Brewery Immersion in Colorado - Part 2

New plan - start a business where people pay me to clean my bathroom.  A few weeks ago you were graced with a few Haiku on brewing.  In 17 syllables you learned what a brew day mostly consists of - cleaning, heavy lifting and occasional burns.  That held true during the hands-on portion of the Brewery Immersion Course.  I worked with Brewmaster Elliot for a few hours each day, doing the various jobs that a brewer is tasked with.   In other words, I paid $2500 to be the Cinderella of the Colorado Boy Brewery for 3 days.  

Cleaning kegs is labor intensive and it takes a long time.  You drain out the remaining beer, rinse with hot water, clean with a brewery cleanser, sanitize (according to Tom, an optional step if the kegs are being served immediately at the brewery), then purge with Co2.  Tom has put together a manual keg washer that we used and it cost him a few hundred bucks.  Here it is in action.   Alternatively, you can spend $15,000+ on a slick semi-automatic washer.  If you are cleaning a ton of kegs all time time, it makes sense to pony up for the big boy equipment.  I plan to use serving tanks at the tap room, which minimizes the required number of kegs, so the low cost alternative is a good option.

 

Other brewery-work things we did over the first two days:

  • Kegged beer from serving tanks (using the kegs we cleaned)

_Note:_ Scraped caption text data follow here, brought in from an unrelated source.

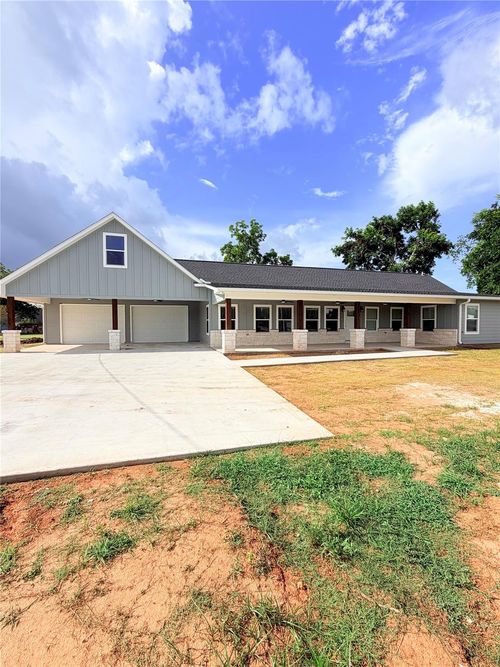 301 E San Bernard St, Brazoria, TX, 77422-5652 | Card Image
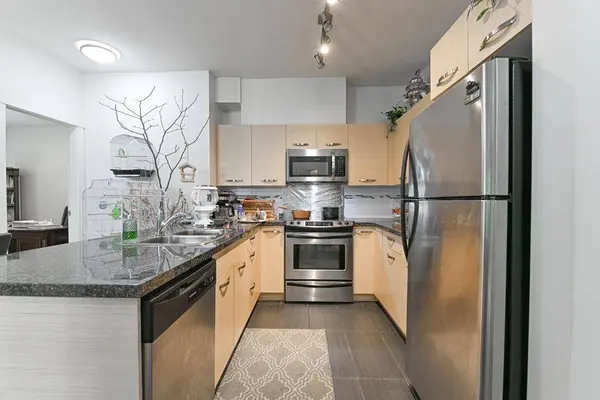 33539 Holland AVE #114, Abbotsford, BC V2S 0C6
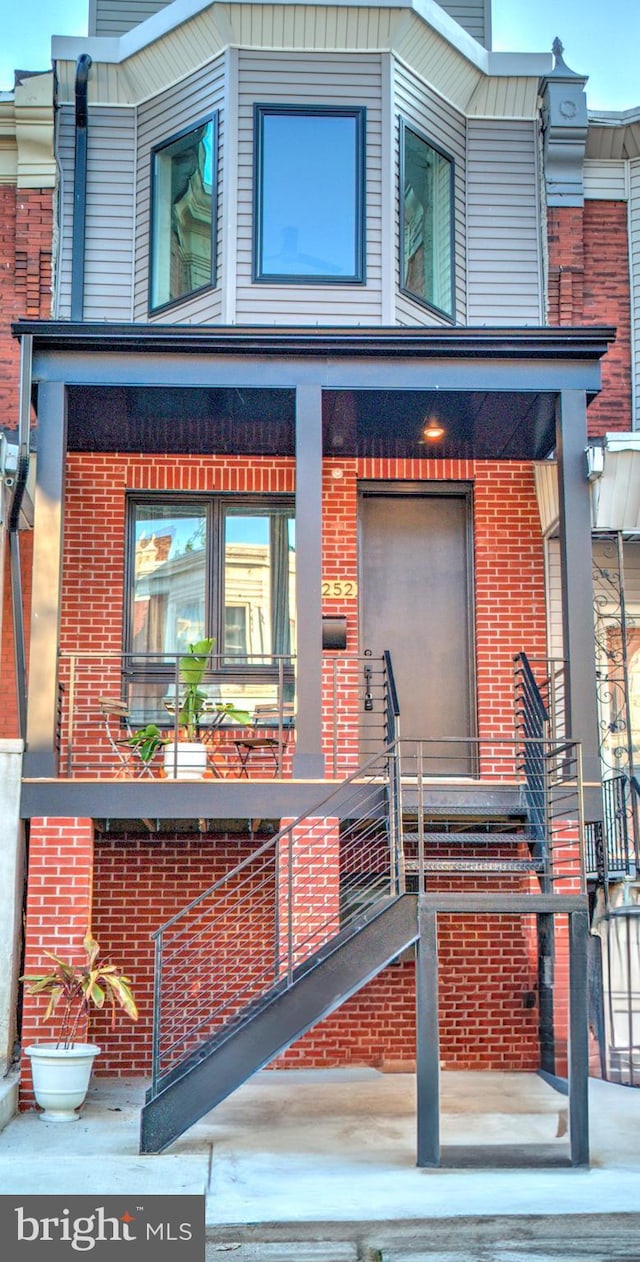 view of front of home featuring covered porch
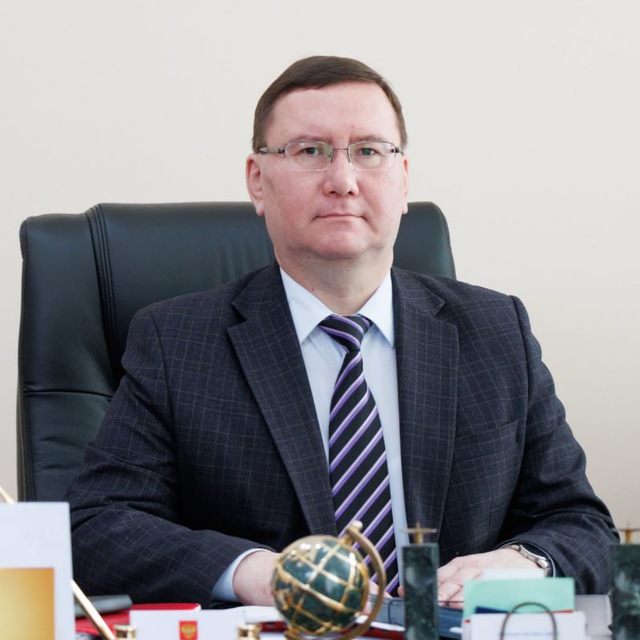 Валерий Поздняков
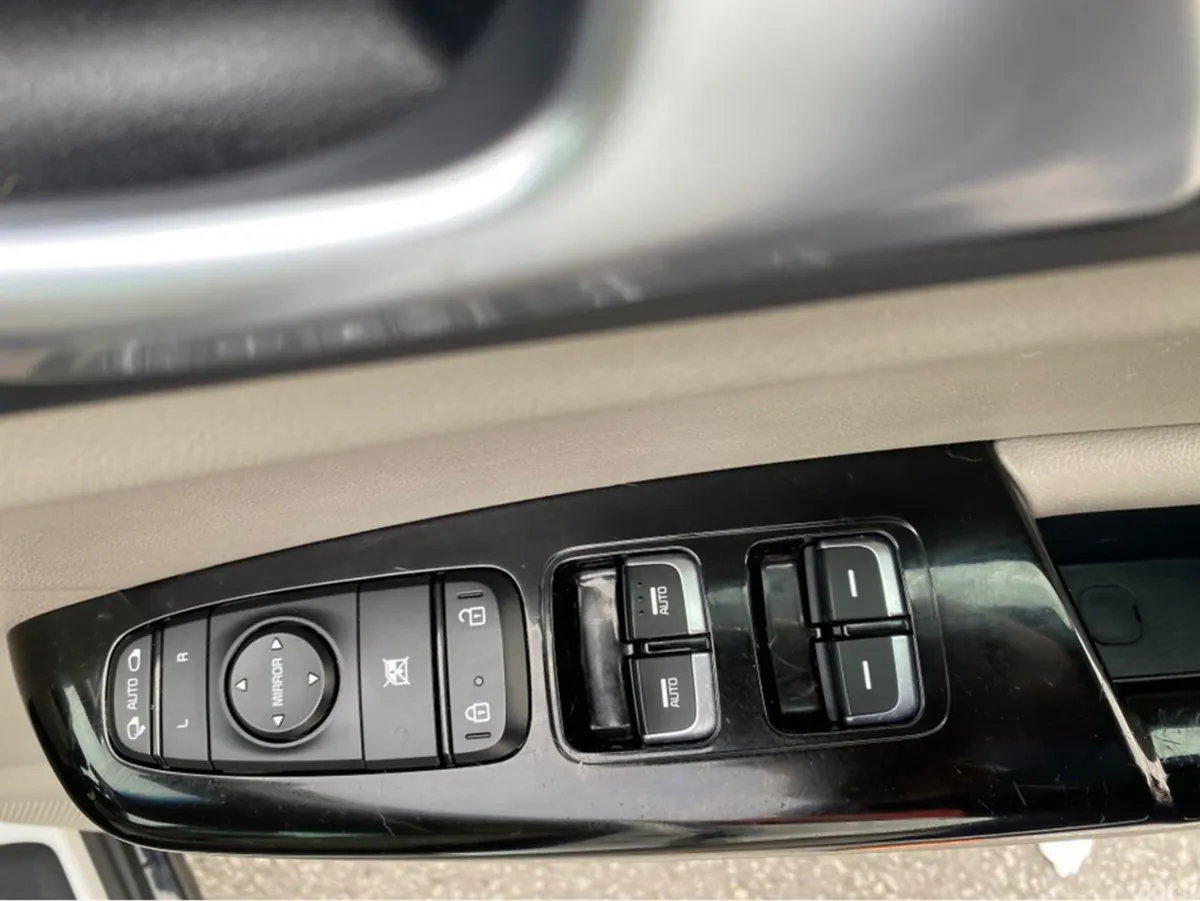 Kia Sportage MPV, Diesel, 2021, White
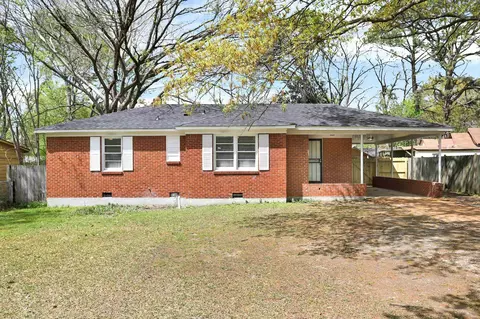 3652 Sharpe Ave, Memphis, TN 38111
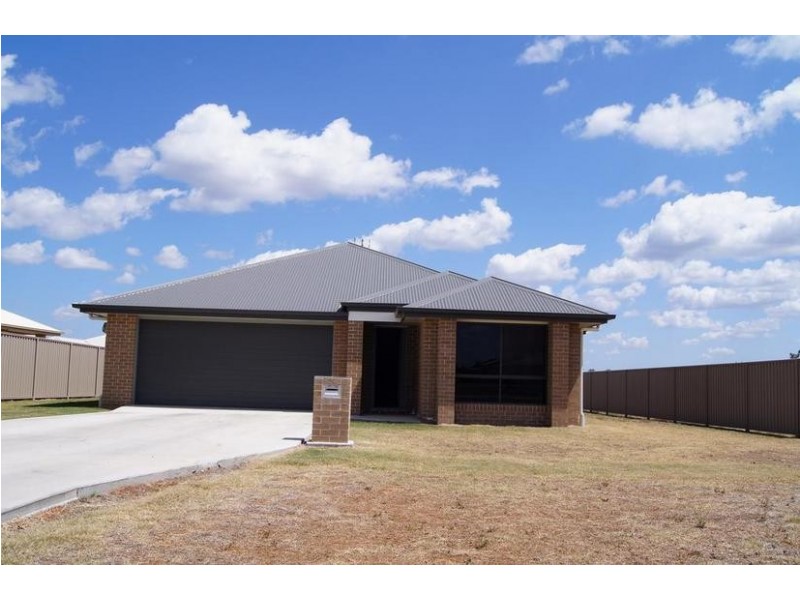 31 Racecourse Road, Miles QLD 4415
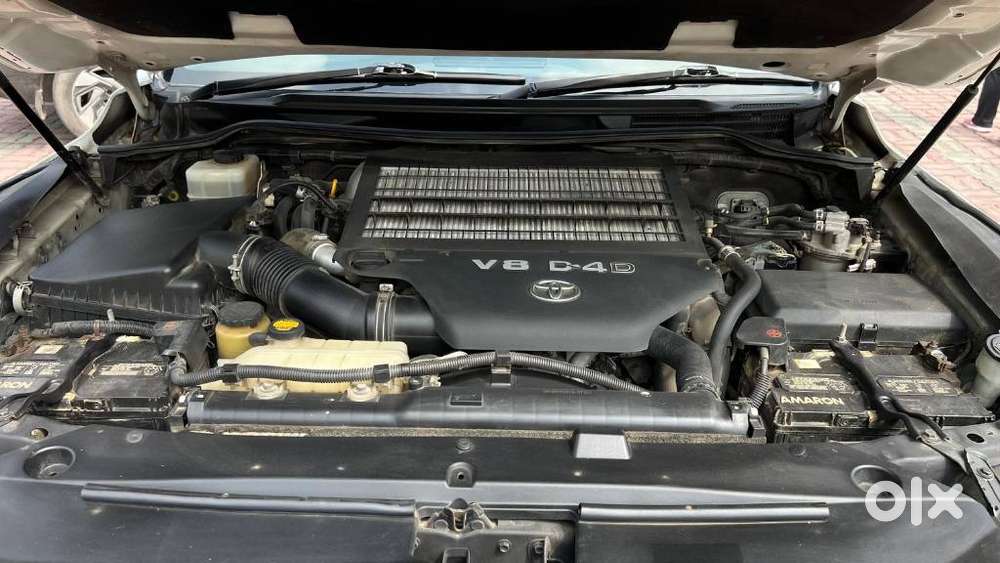 Toyota Land Cruiser [2015-2020] 4.5 Vx Lc 200, 2014, Diesel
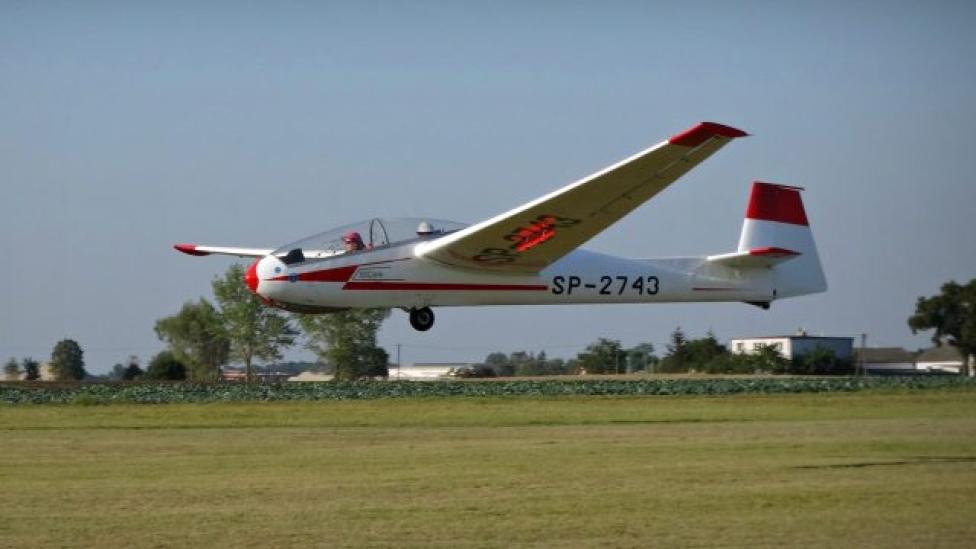Coroczne zawody na celność lądowania w Aeroklubie Kujawskim (fot. Aeroklub Kujawski)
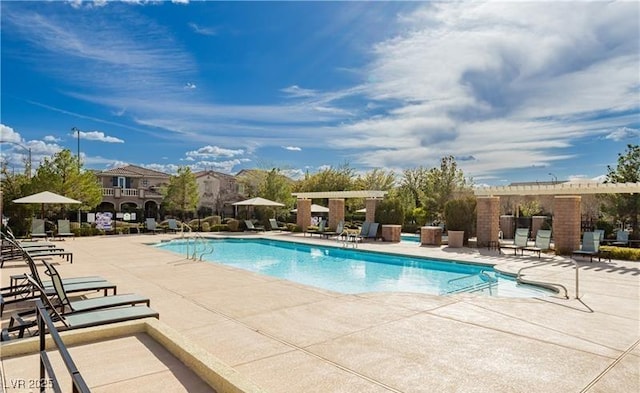 1922 Via Delle Arti, Henderson, NV 89044 - community pool with a patio and a pergola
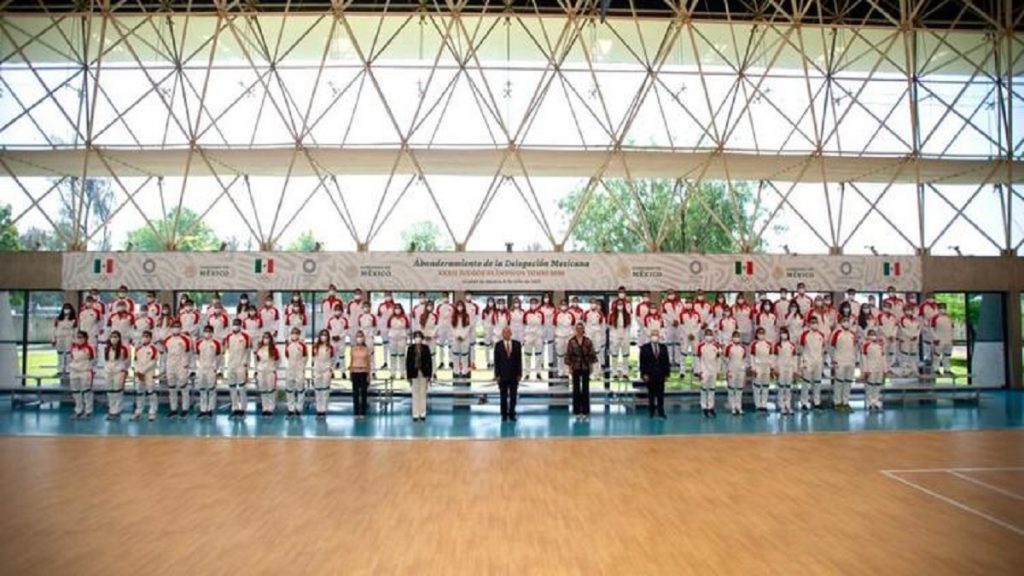 Viva México: abanderan a deportistas que irán a Juegos Olímpicos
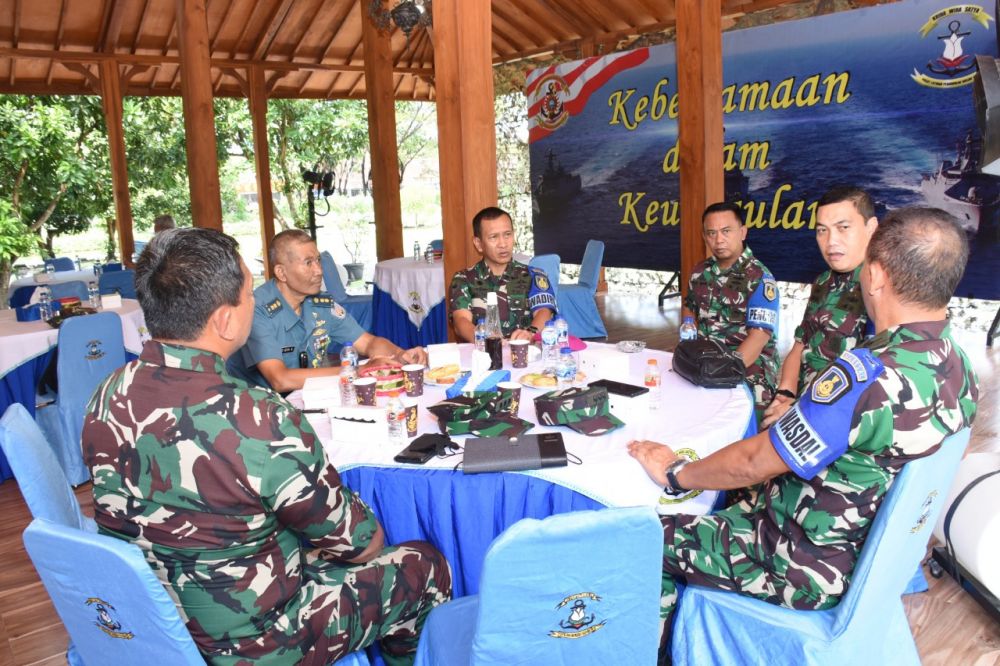 Dirlat Kodiklatal Brigjen TNI (Mar) Widodo saat tinjau latopsduk TNI AL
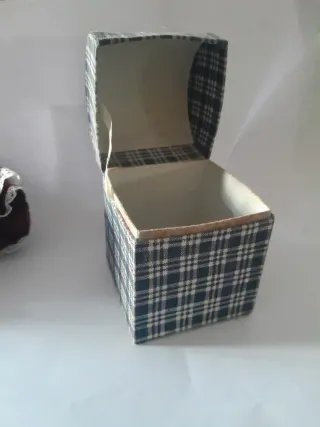 Muñeca de porcelana articulada con caja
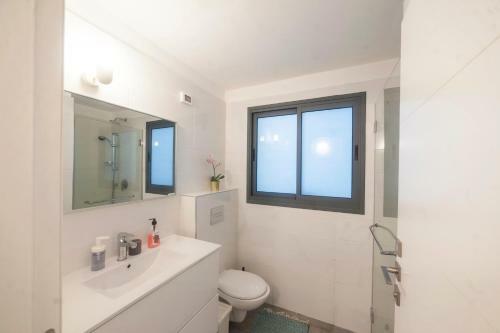 Luxury 2 Bedrooms Apartments Rothschild + Balcony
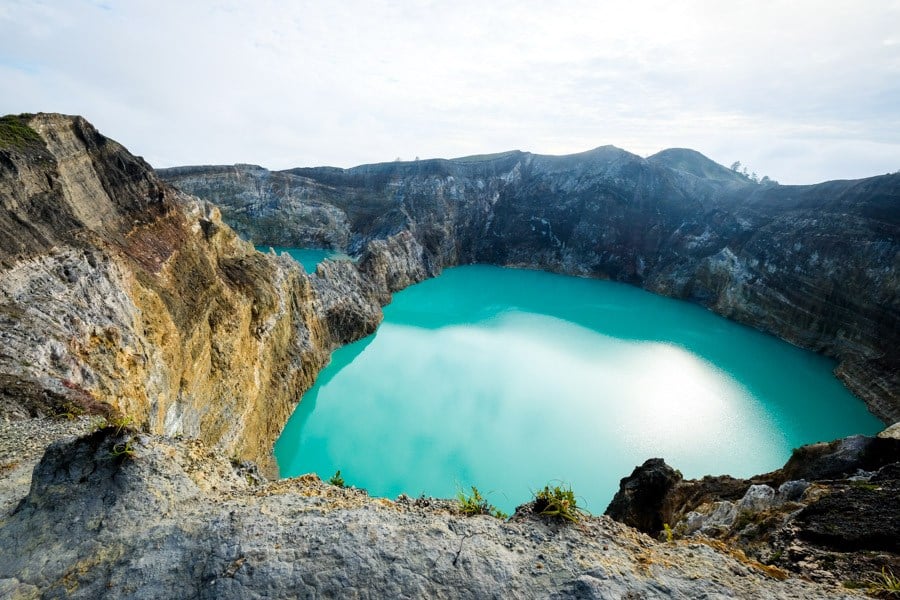 View from the paved rim walk over the Kelimutu crater lakes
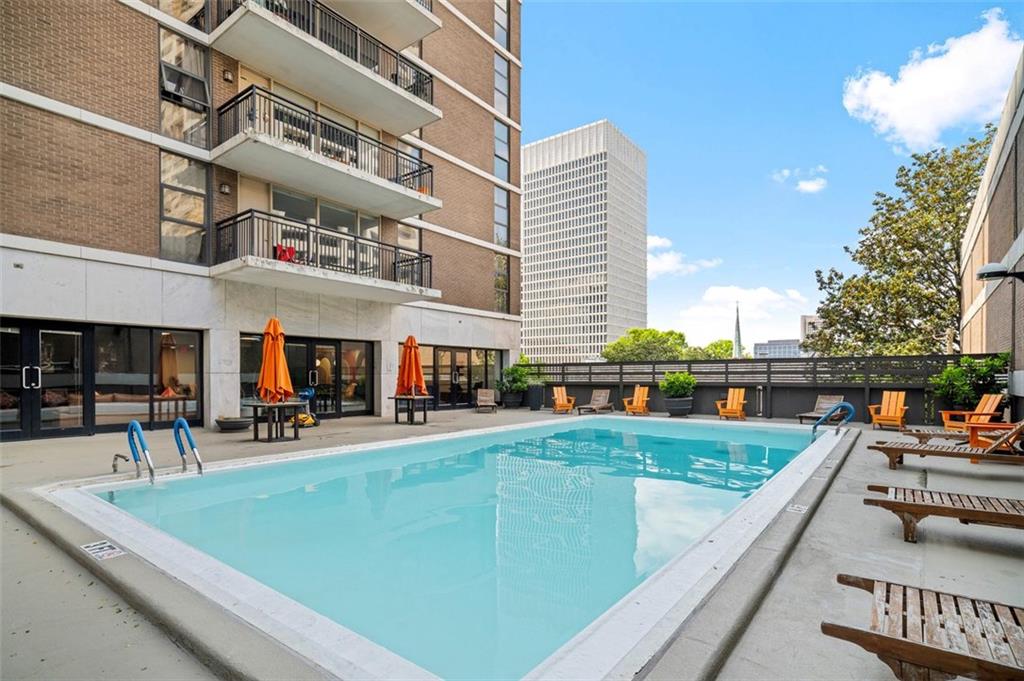620 PEACHTREE Street NE Unit 1716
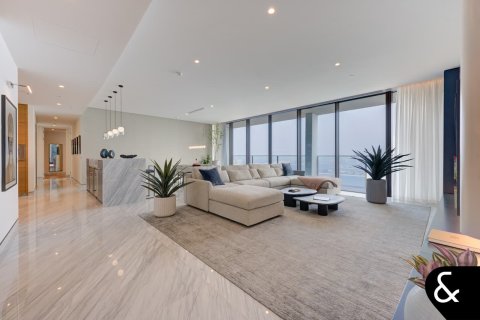 Apartmán v Palm Jumeirah, Dubai, SAE 3 spálne, 302 m2 č. 667378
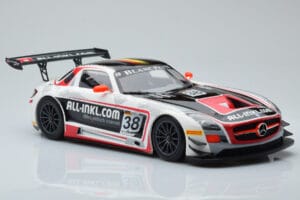 Mercedes SLS AMG GT3 Munnich Motorsport #38 M. Basseng / M. Winkelhock Champions FIA GT1 World Championship 2012 Minichamps 1 - imagem 4 de 6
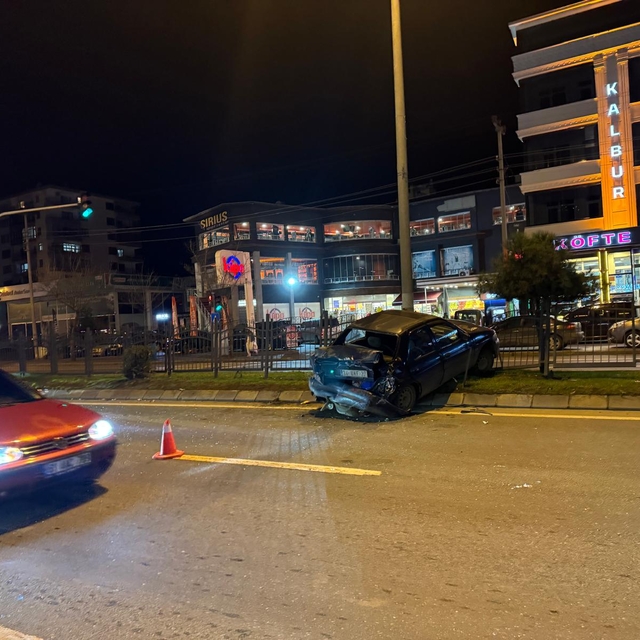 Trabzon'da tırın çarptığı otomobilin sürücüsü yaralandı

  • Cleaned serving tanks (which held the beer we just kegged)

  • Transferred beer from a fermenter to the serving tank we just cleaned

  • Cleaned that fermenter

  • Counted yeast cells (left from the beer that was in the fermenter we cleaned)

  • Ate pizza (Tom makes fantastic pizza at the brewery and I ate one each day)

Left - keg washing set up, Center - hot liquids being transferred by the hardest working piece of equipment in the brewery, Right - hella spent grain, about to be shoveled

Left - keg washing set up, Center - hot liquids being transferred by the hardest working piece of equipment in the brewery, Right - hella spent grain, about to be shoveled

 

The last day was brew day.  We brewed 7bbl (14 kegs) of the Colorado Boy IPA.  The process is very similar to homebrewing, but with larger vessels, more ingredients, and a few pieces of unfamiliar equipment that are absolutely necessary.  The lesson is this - if your pump fails, you are totally out of luck.  Transferring hundreds of gallons of hot liquid is happening all the time.  Here is the revised “Professional Brewing” Haiku:

 

Prep, clean, pump liquid

wait, shovel a ton of grain,

clean, pump liquid, clean

 

Tom suggested that when Wild Parrot opens, I do the brewing myself, rather than hire a brewer from the get-go.  His reasoning is that it will A. save money B. give me the experience to do it myself if the brewer is sick/hungover/jumps parole C. show that I “walk the talk” both to any brewer I hire and to customers.  Those are all great points and they have made me reconsider hiring a brewer during the start-up phase.  My pause is that brewing takes a lot of time, between all the cleaning, prepping, analysis and actual brewing - In other words, it’s (duh) a full time job.  The primary job of an owner is to drive sales, so if brewing is taking a lot of time away from that, then there is trouble.  This is a big decision and something I need to think more about.